:: Records for the exercise

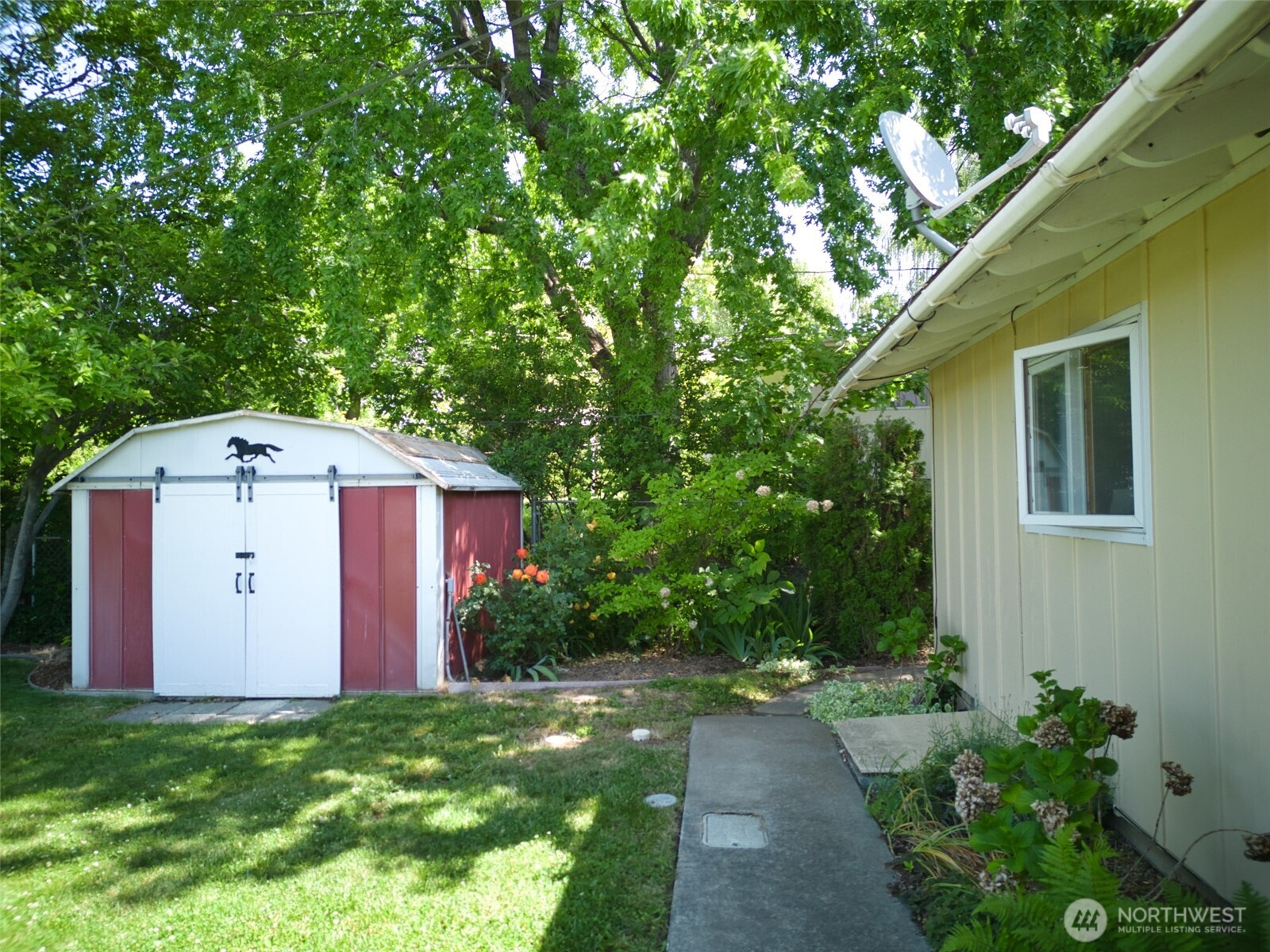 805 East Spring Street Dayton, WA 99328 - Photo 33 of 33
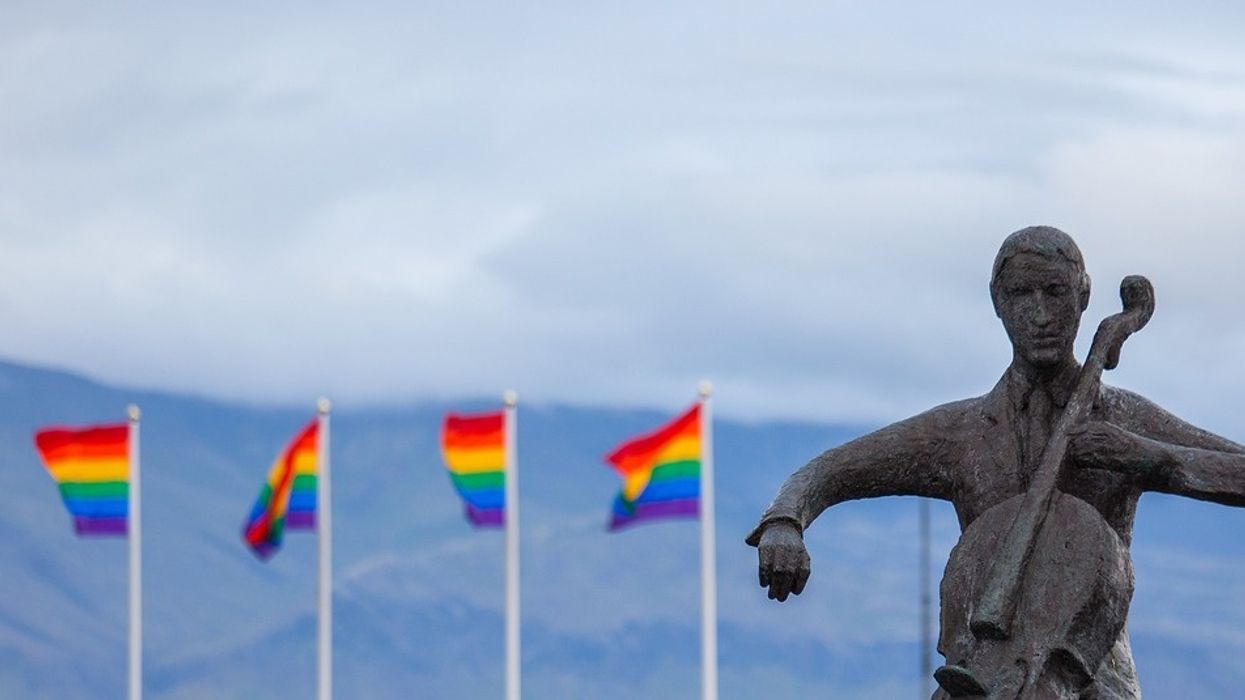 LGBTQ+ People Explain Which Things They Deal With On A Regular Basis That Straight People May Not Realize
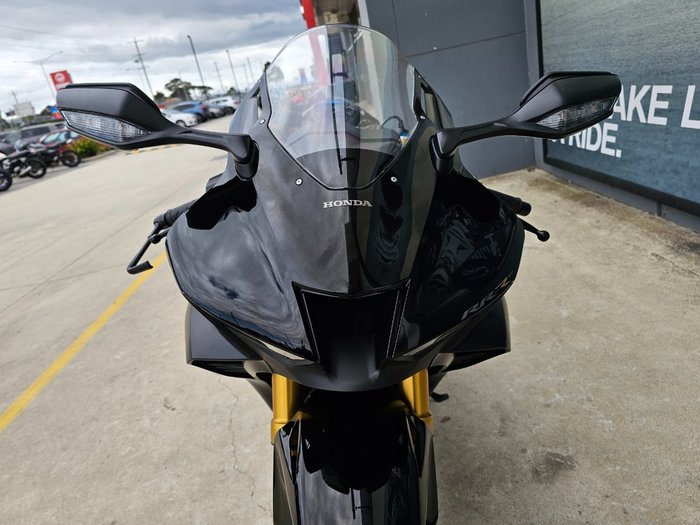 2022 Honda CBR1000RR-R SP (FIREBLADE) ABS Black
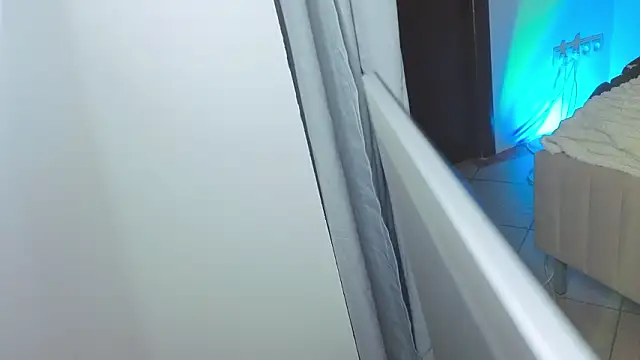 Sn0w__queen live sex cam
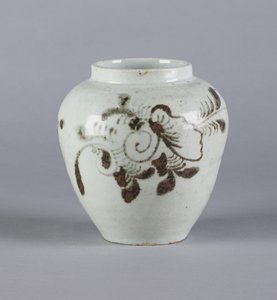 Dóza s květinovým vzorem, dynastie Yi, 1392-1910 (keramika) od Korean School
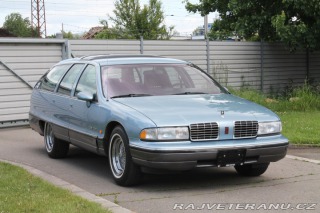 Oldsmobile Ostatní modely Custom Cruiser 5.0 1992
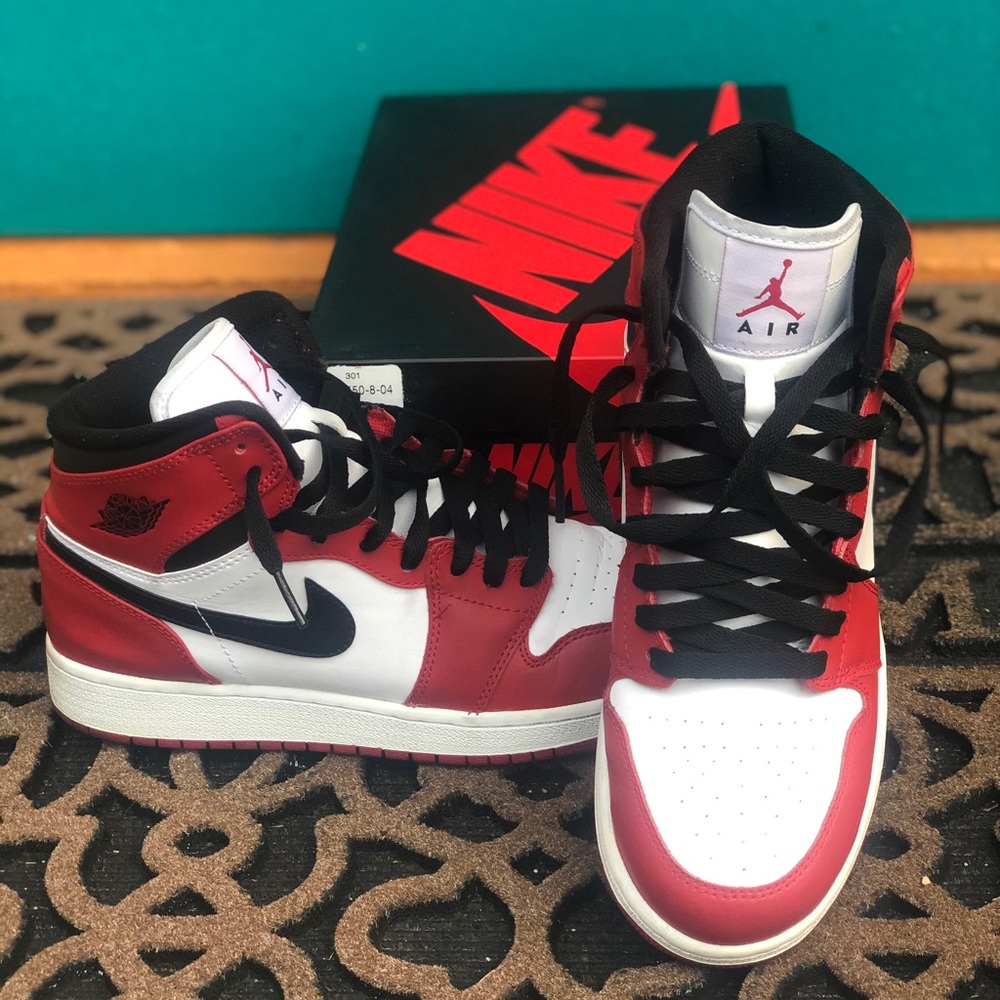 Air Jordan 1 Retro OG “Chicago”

::::

**Description of the task**
Retype all of the entries exactly as written, leaving out any images.

**Finished task**
 805 East Spring Street Dayton, WA 99328 - Photo 33 of 33
 LGBTQ+ People Explain Which Things They Deal With On A Regular Basis That Straight People May Not Realize
 2022 Honda CBR1000RR-R SP (FIREBLADE) ABS Black
 Sn0w__queen live sex cam
 Dóza s květinovým vzorem, dynastie Yi, 1392-1910 (keramika) od Korean School
 Oldsmobile Ostatní modely Custom Cruiser 5.0 1992
 Air Jordan 1 Retro OG “Chicago”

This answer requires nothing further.